La pesca di acqua dolce divenne un’attività molto redditizia e venne preferita a quella marina, al punto che, anche nelle zone costiere, era praticata lungo il corso dei fiumi, prima che le acque sfociassero in mare.
Per catturare il pesce si usavano tecniche diverse: i principali tipi di rete erano la paranza, la rete a sacco, detta bertuello, la nassa di vimini o di giunco, ma non mancavano lenze galleggianti e di fondo, fiocine e tridenti. La considerazione della pesca dal punto di vista sociale ed economico era così alto che, tra le leggi dei Longobardi, vi erano norme che prevedevano una sanzione con una multa di tre soldi per chi “sottrae le reti o le nasse di un’altra persona”.
Oltre alla pesca individuale, praticata nella maggior parte dei casi come attività integrativa e complementare all’agricoltura, esistevano altre tipologie di cattura del pesce che, per complessità organizzativa e gestionale, richiedevano l’impiego di più persone allo stesso tempo.
I documenti di età longobarda ci restituiscono notizie delle scholae, ossia associazioni di pescatori che si tramandavano il mestiere di padre in figlio, generazione dopo generazione, insieme all’insieme delle conoscenze pratiche necessarie. Così, gli storici sono stati in grado di ricostruire i meccanismi complessi della pesca come veniva praticata dai Longobardi: servendosi di un sistema dei recinti costruiti sott’acqua o in superficie, con argini, pali e graticci che costringevano i pesci ad entrare in luoghi chiusi dove poi venivano catturati.
Molte informazioni riguardo la pratica della pesca ci vengono dai “polittici”, cioè dagli inventari delle grandi proprietà. Ad esempio, l’inventario del monastero di Santa Giulia, a Brescia, riporta che dieci coloni della corte di Iseo “pescano nella peschiera signorile, e rendono ogni anno 1200 pesci”.
I proventi della pesca sono calcolati al pari di quelli ricavati dalle vigne, dai coltivi e dalla foresta negli inventari delle grandi proprietà.

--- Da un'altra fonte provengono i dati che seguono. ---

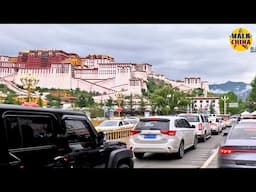 Lhasa Xizang Urban Driving at 3,650m - The highest Megacity of The World | 4K HDR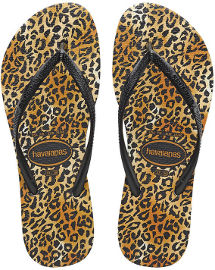 Havaianas כפכפי הוויאנס - כפכף לאו מנומר חום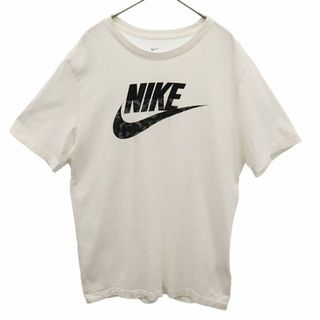 ナイキ(NIKE)のナイキ プリント 半袖 Tシャツ XL ホワイト NIKE メンズ(Tシャツ/カットソー(半袖/袖なし))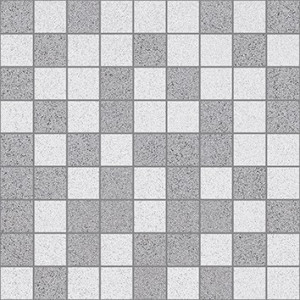 Плитка Laparet 30x30 мозаика т.серый+серый Vega Серый матовая глазурованная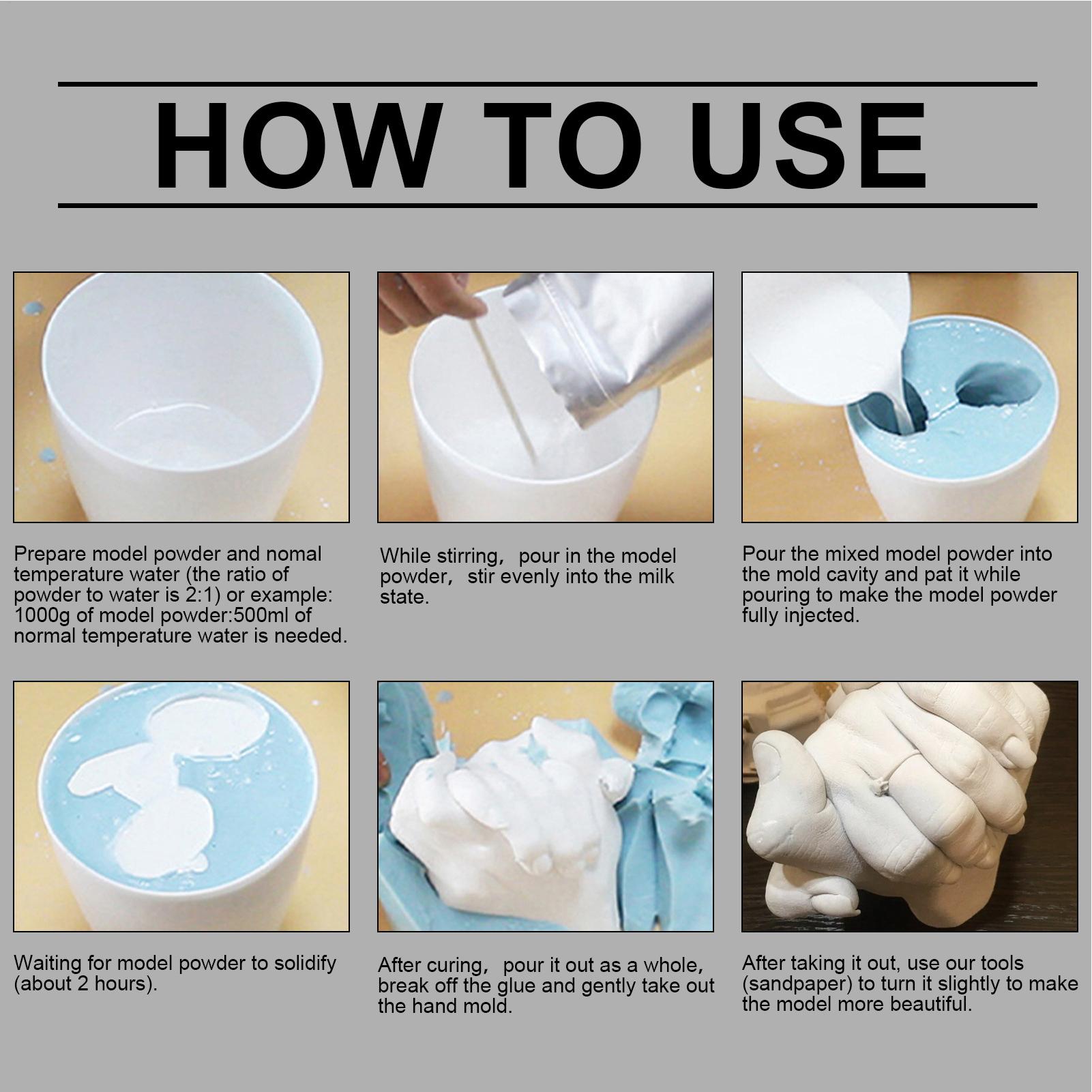 Kit de moldagem de mãos e pés  - Soap Making Experiment avaliação e preço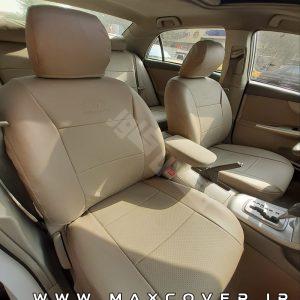 روکش صندلی تویوتا کرولا 2006 تا 2013 Corolla چرم کرم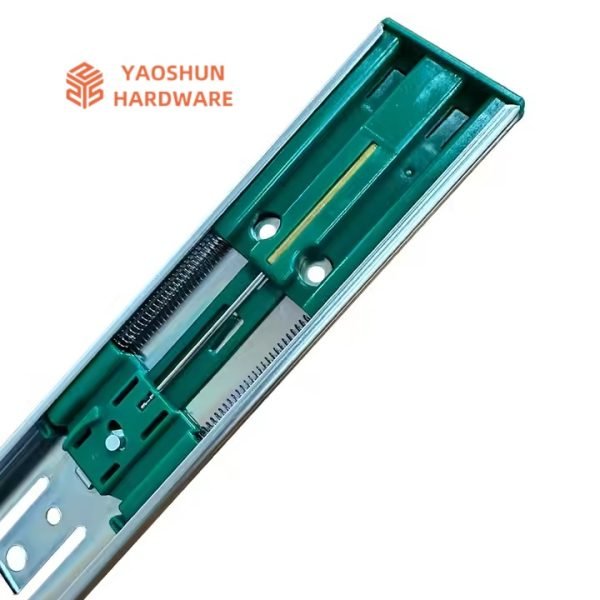 45mm Kitchen Cabinet Furniture 3 Folds Hydraulic Soft Close Drawer Slider Rail with Ball Bearing - Image 2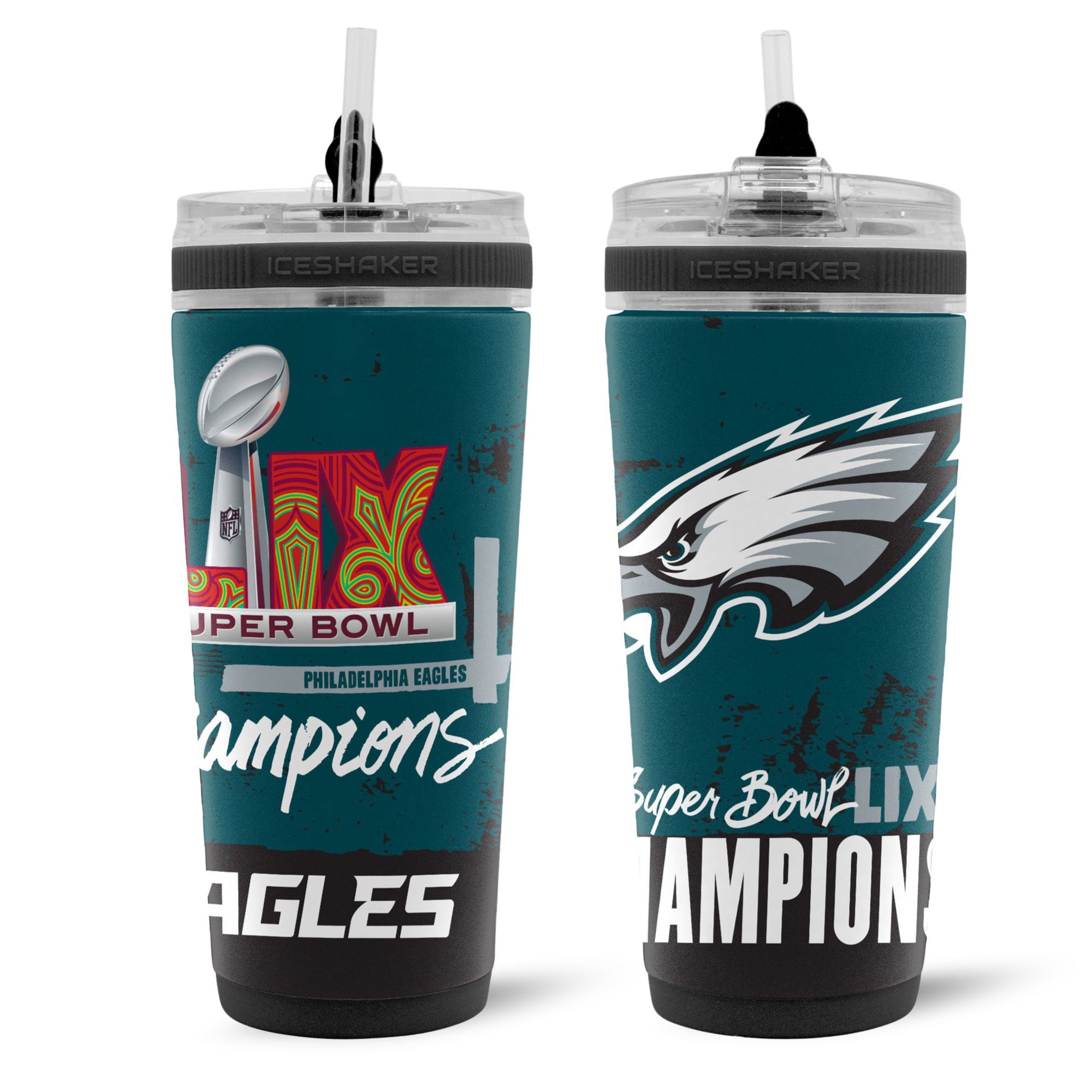 Philadelphia Eagles Super Bowl LIX Champions 26oz Flex Bottle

Ne costituisce una testimonianza l’inventario dell’VIII secolo pervenutoci dalla corte di Migliarina, in provincia di Modena; infatti, da questo documento, si evince che l’appannaggio che spettava al monastero di Santa Giulia di Brescia comprendeva i pesci che si pescavano nei fiumi e negli stagni “quando il gelo e la siccità non lo impediscono”.